--- Problem details ---
The goal is an unaltered copy of the records below, minus any images.

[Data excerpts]
##########

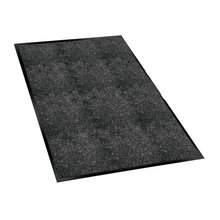 front door mat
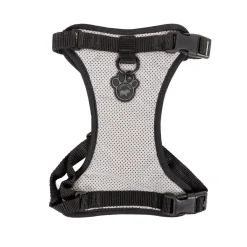 Canada Pooch Everything Dog Harness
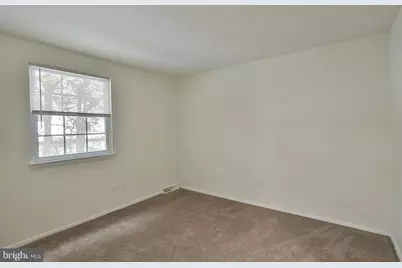 305 S Warminster Road #D5, Hatboro, PA 19040 - Photo 27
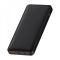 Baseus Bipow Overseas 20W 10000 mAh Black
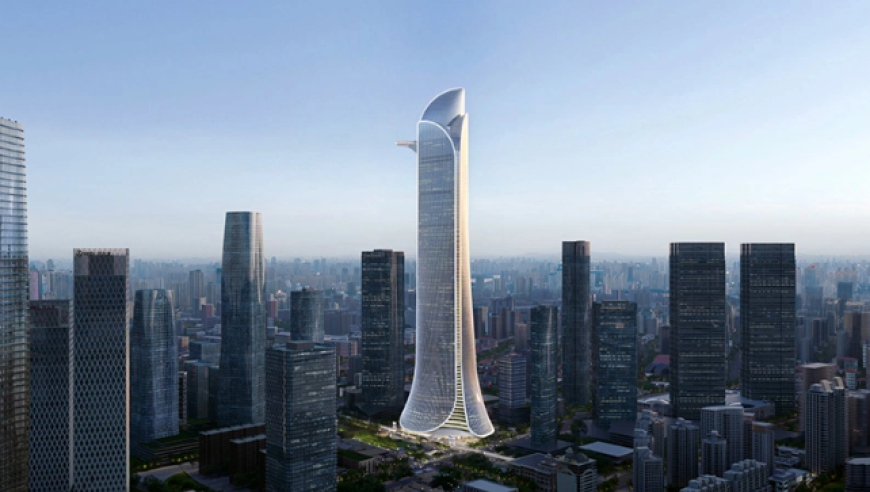 中俄关系在复杂形势下更稳健成熟,2025年澳门挂牌之完整篇,动态词语解释落实_潮流版V10.80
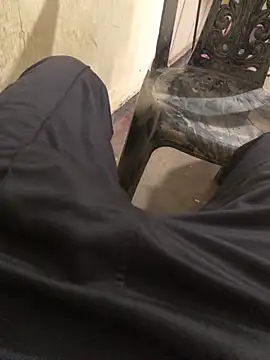 Ppramodya1991 online show from 03/12/25, 04:51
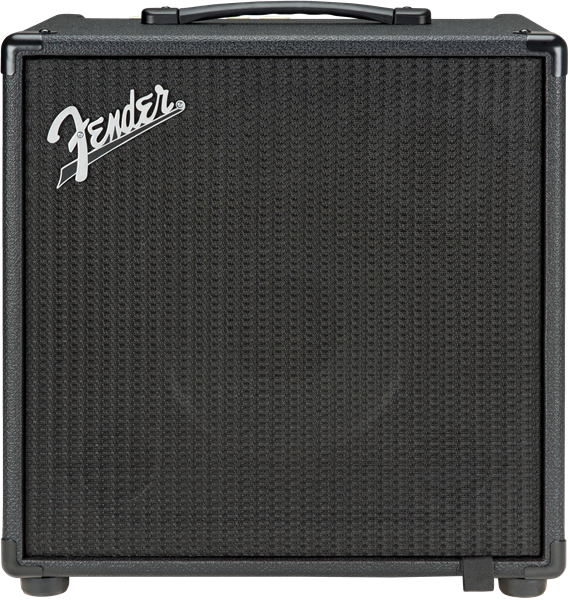 Fender Rumble™ Studio 40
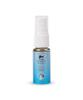 Lenomasuyeongbog Supplies Spray-Type Anti-Fog Liquid Ro-Rf21001-Xx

##########

--- Your response ---
 front door mat
 Canada Pooch Everything Dog Harness
 305 S Warminster Road #D5, Hatboro, PA 19040 - Photo 27
 Baseus Bipow Overseas 20W 10000 mAh Black
 中俄关系在复杂形势下更稳健成熟,2025年澳门挂牌之完整篇,动态词语解释落实_潮流版V10.80
 Ppramodya1991 online show from 03/12/25, 04:51
 Fender Rumble™ Studio 40
 Lenomasuyeongbog Supplies Spray-Type Anti-Fog Liquid Ro-Rf21001-Xx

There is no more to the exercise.